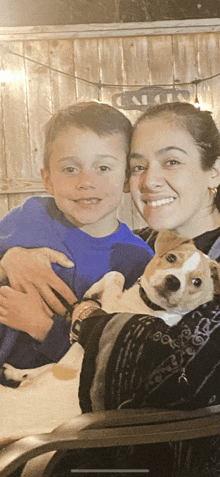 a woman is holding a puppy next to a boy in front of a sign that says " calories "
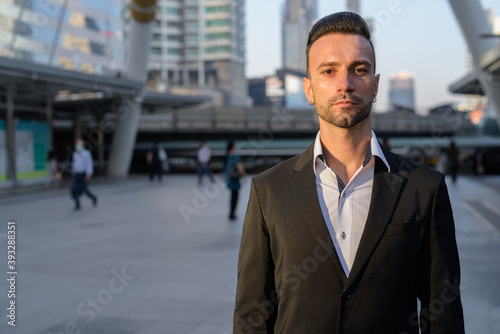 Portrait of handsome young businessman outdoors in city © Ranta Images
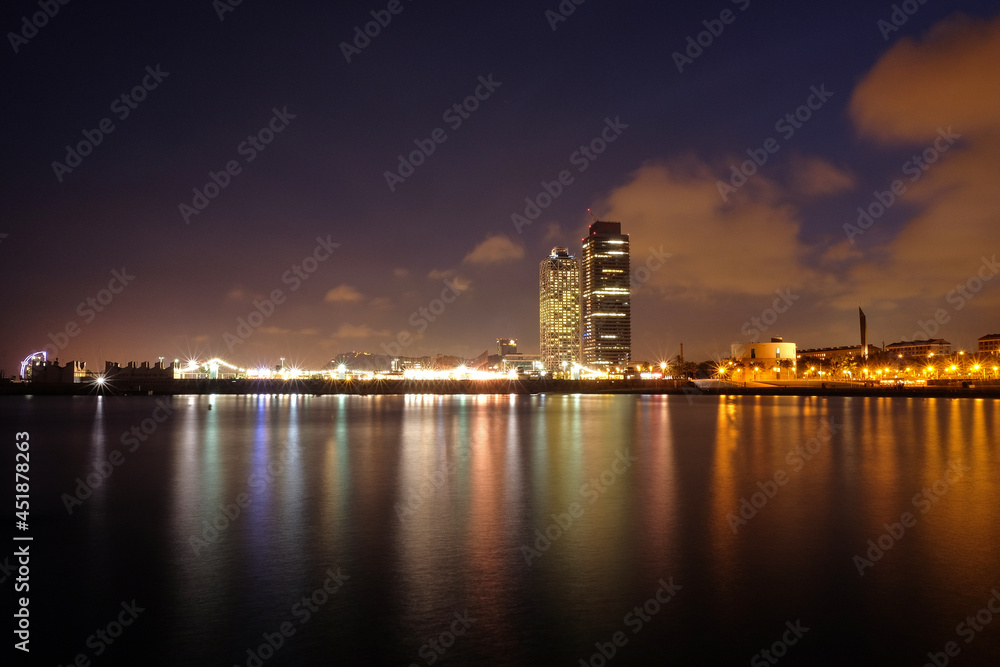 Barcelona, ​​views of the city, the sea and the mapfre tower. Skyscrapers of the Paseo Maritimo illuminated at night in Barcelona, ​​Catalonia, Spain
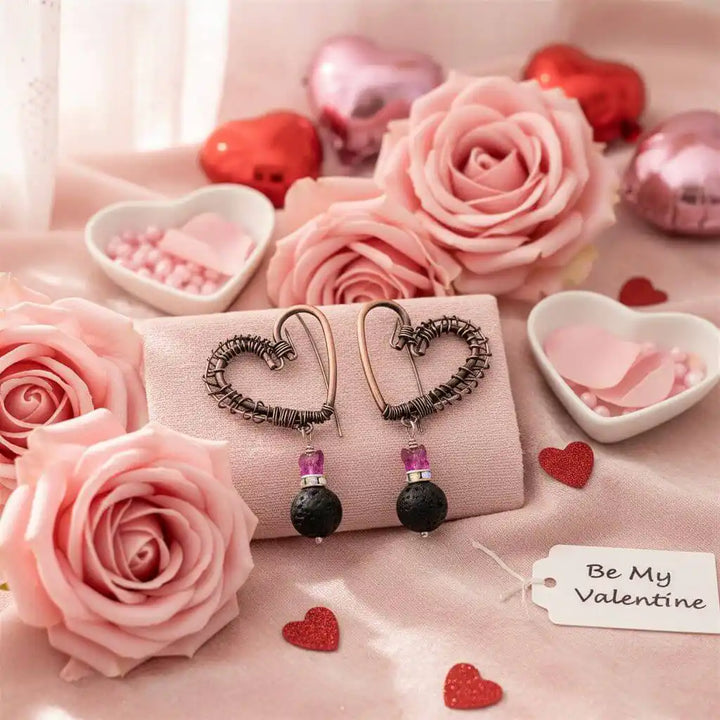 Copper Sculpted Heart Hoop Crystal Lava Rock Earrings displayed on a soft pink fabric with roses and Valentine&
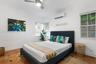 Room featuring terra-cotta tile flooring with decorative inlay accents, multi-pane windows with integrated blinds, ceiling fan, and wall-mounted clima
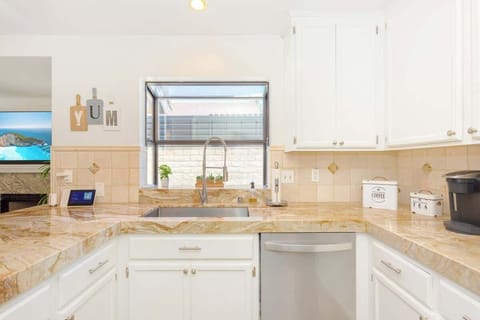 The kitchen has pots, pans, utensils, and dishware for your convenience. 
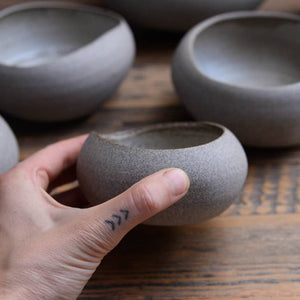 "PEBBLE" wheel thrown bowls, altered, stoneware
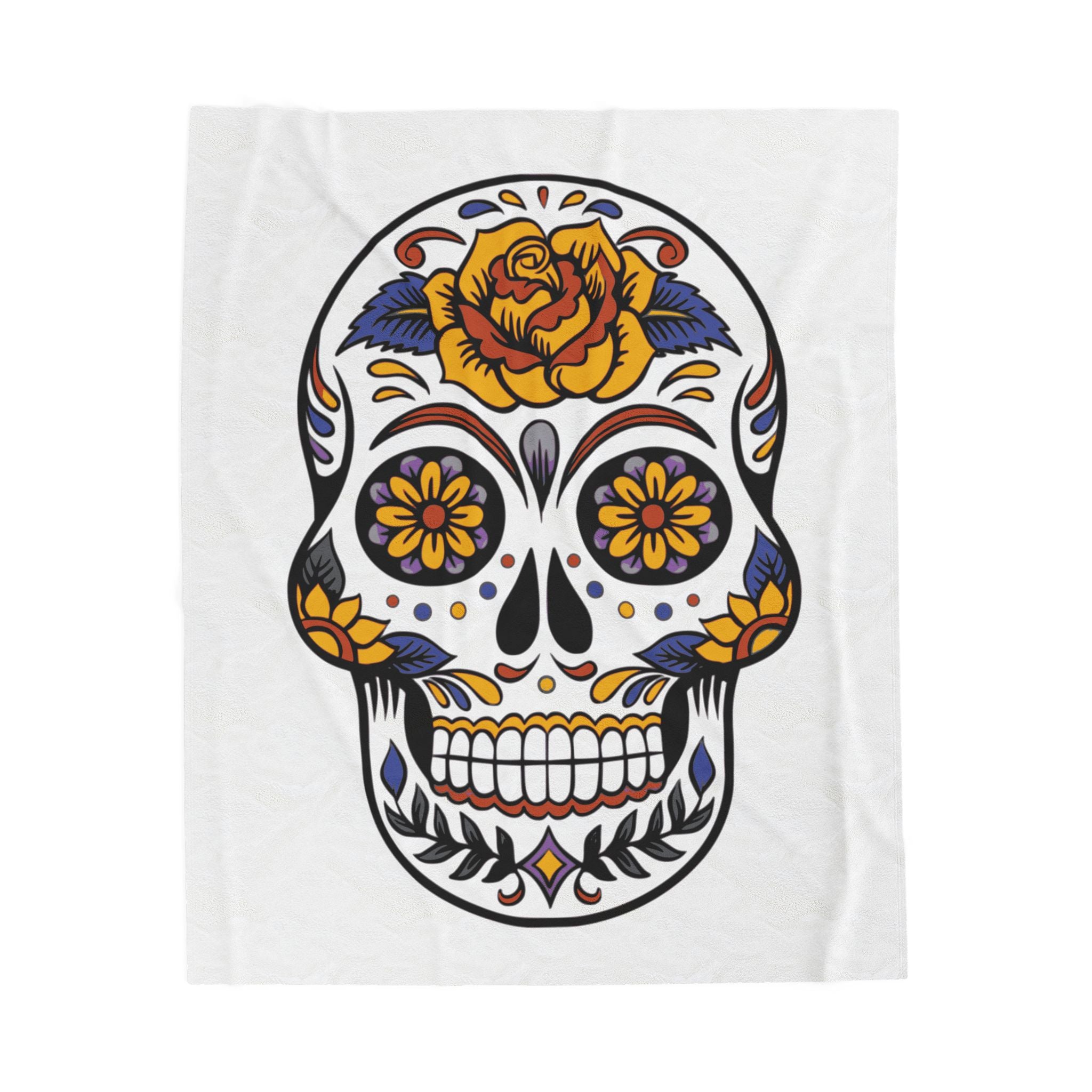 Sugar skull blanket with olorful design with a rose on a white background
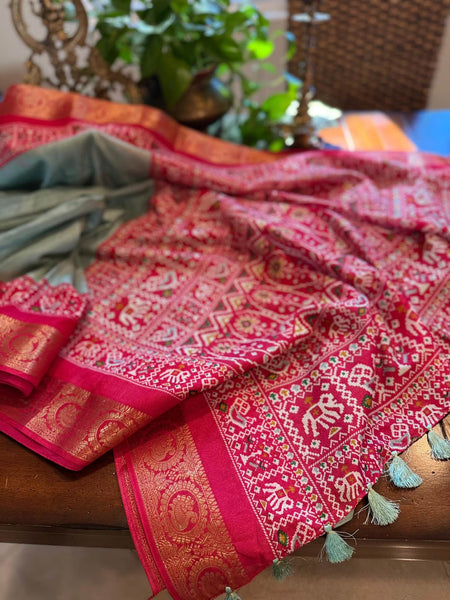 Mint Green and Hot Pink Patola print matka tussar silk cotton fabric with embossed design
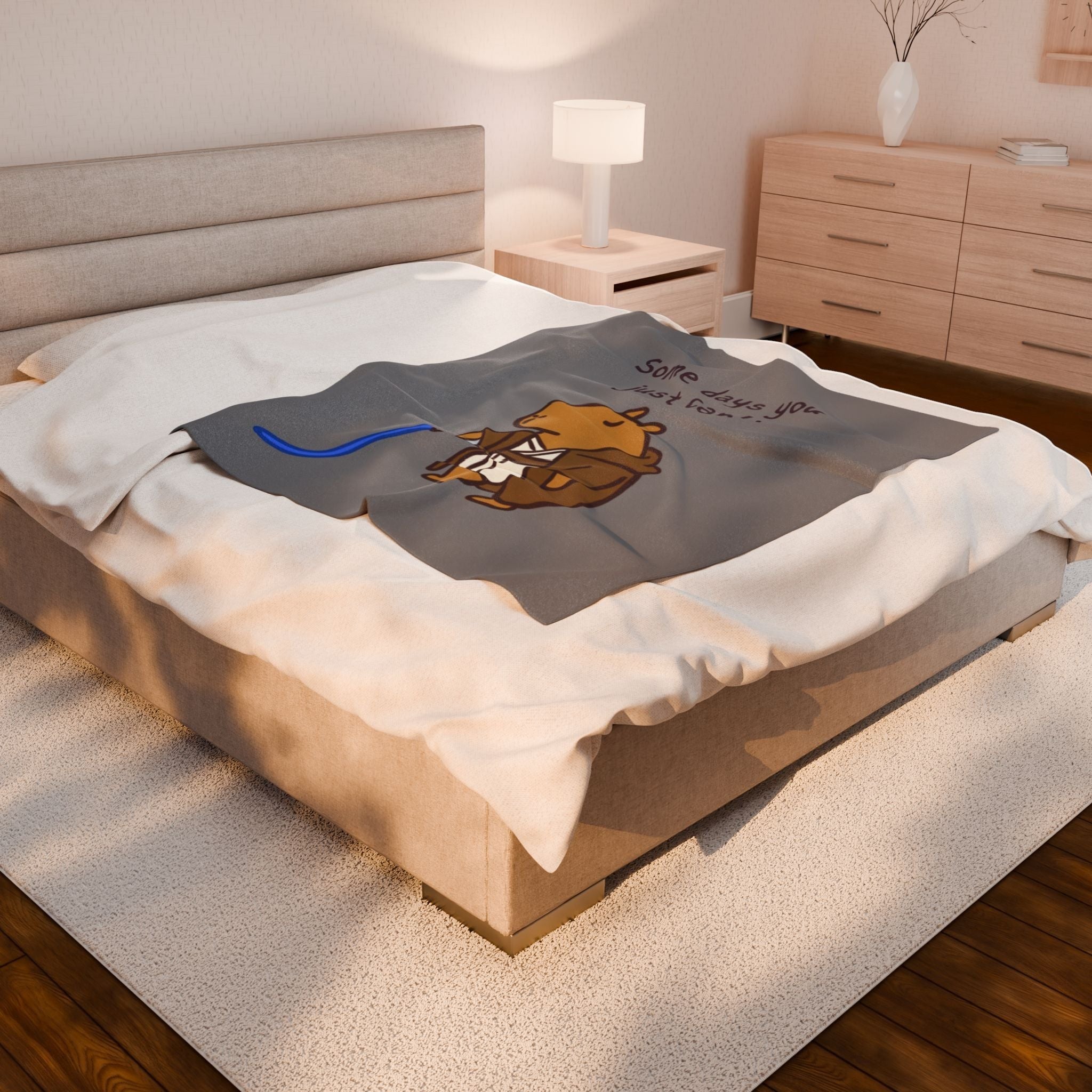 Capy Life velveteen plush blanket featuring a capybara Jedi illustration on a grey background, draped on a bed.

=== ASSIGNED TASK ===
Begin with the line containing "The kitchen has" and end with the last line of the material above; return exactly those lines, both ends included, and omit all pictures.

=== WRITTEN ANSWER ===
 The kitchen has pots, pans, utensils, and dishware for your convenience. 
 "PEBBLE" wheel thrown bowls, altered, stoneware
 Sugar skull blanket with olorful design with a rose on a white background
 Mint Green and Hot Pink Patola print matka tussar silk cotton fabric with embossed design
 Capy Life velveteen plush blanket featuring a capybara Jedi illustration on a grey background, draped on a bed.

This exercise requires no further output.